The class created The Oasis Room last year, where students now host discussion circles and discuss topics decided by a member of the class. It can be as deep or light-hearted as feels fit for the day. 

According to English teacher Hazel Kight-Witham, who leads the class, “the intention is to create a peer support program to work through conflicts together, without involving an adult.”

During the COVID-19 pandemic and online schooling, it was brought to the attention of Kight-Witham that while peer support was offered to students’ physical well-being, mental health was being disregarded. Kight-Witham had read about schools developing peer mediation programs and  used the inspiration to create the Oasis Room.

Many kids find it difficult to open up about their mental health to adults as they may feel that their feelings are not commonly understood. The students will be trained in peer mediation in January, and will be certified peer mediators going forward, allowing for one on one, therapy-style meetings. 

I was given the opportunity to sit in on one of the circles hosted in the Oasis Room. The meeting starts with any one of the students reading out the core values of the circle: Speak from the heart, listen from the heart, be spontaneous, and be lean (to be mindful of others’ time). The same student then rings a bell and the circle begins. 

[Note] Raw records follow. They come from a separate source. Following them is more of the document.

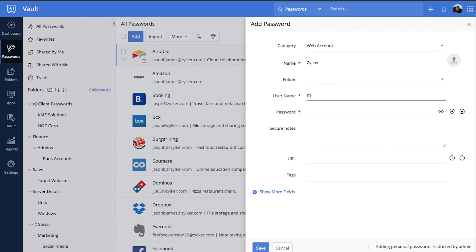From this panel, you can select a custom category to save your passwords, documents, and other data accordingly.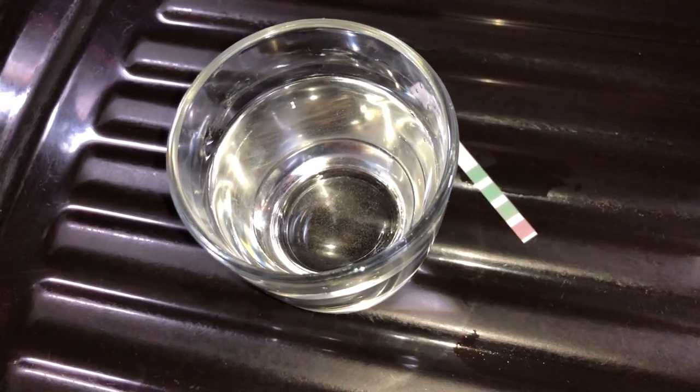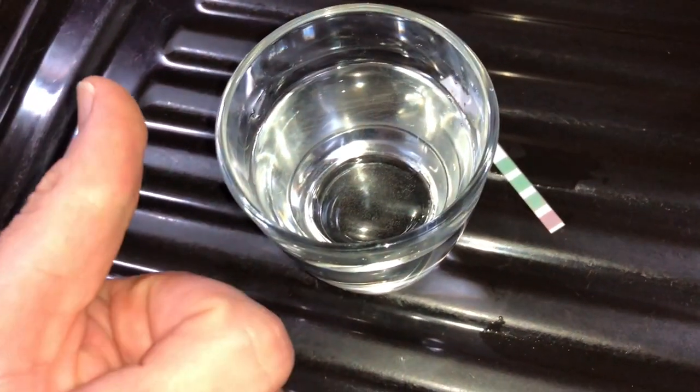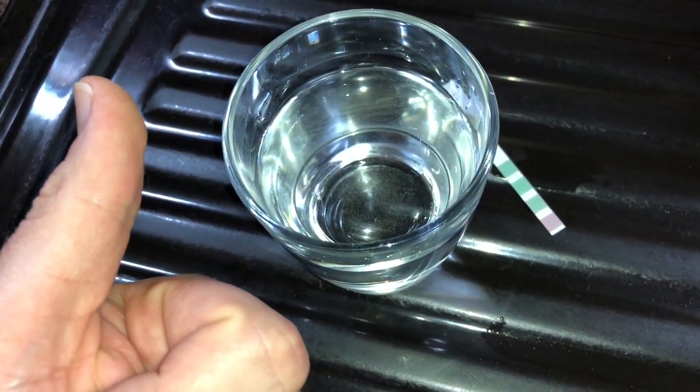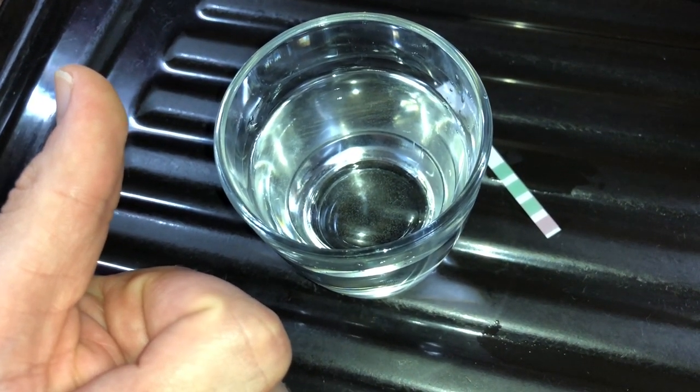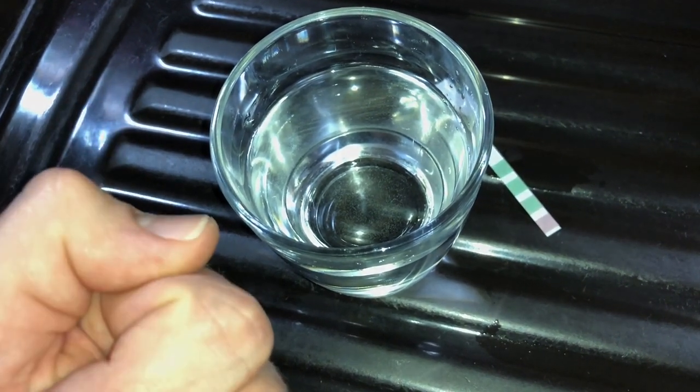Wherever water hardness is a concern, water softening is commonly used to reduce hard water's adverse effects.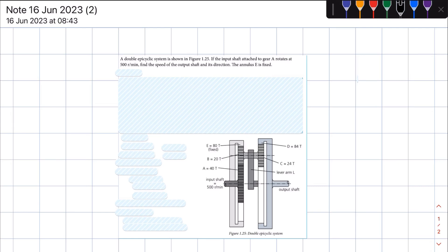Hello everyone, the native god here. Today we'll be looking at a problem based on double epicyclic gear systems. A double epicyclic system is shown in Figure 1.25. If the input shaft attached to gear A rotates at 500 revs per minute, find the speed of the output shaft and its direction. The annulus E is fixed. We're looking for the rotational frequency of the output shaft, so we look at which gear it is connected to. The output shaft is connected to the annulus gear D.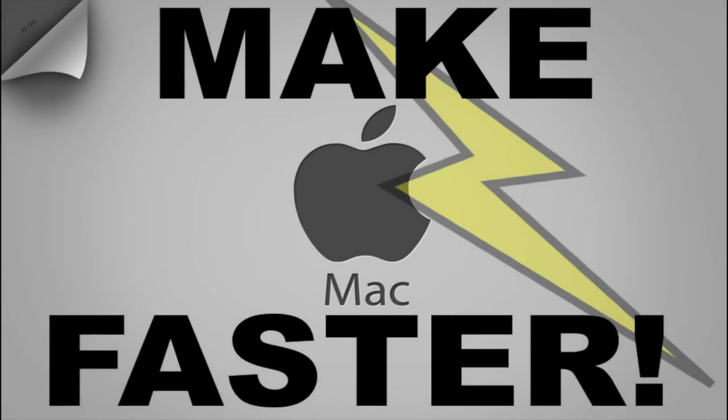Hey guys, this is MrNinjaBoy, and today I'm going to teach you how to make your Mac lightning quick.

I was genuinely blown away by the willingness of students to participate in the circle. As a teenager myself, I know firsthand that talking about my experiences in front of a group of people can be hard enough. But talking about mental health is even harder. 

There has been a foundation laid within the class that has made all of the students feel comfortable enough to be honest and not to be judged by their classmates. 

The room is also used for school intervention days, in which students a part of the class run circles for other students at Venice and practice the skills they’ve learned. 

With the world plagued with mental health issues, clearly something within the system isn’t working. Kight-Witham and the Oasis Room explore whether peer to peer connection could offer another support system within the rickety minds of high schoolers.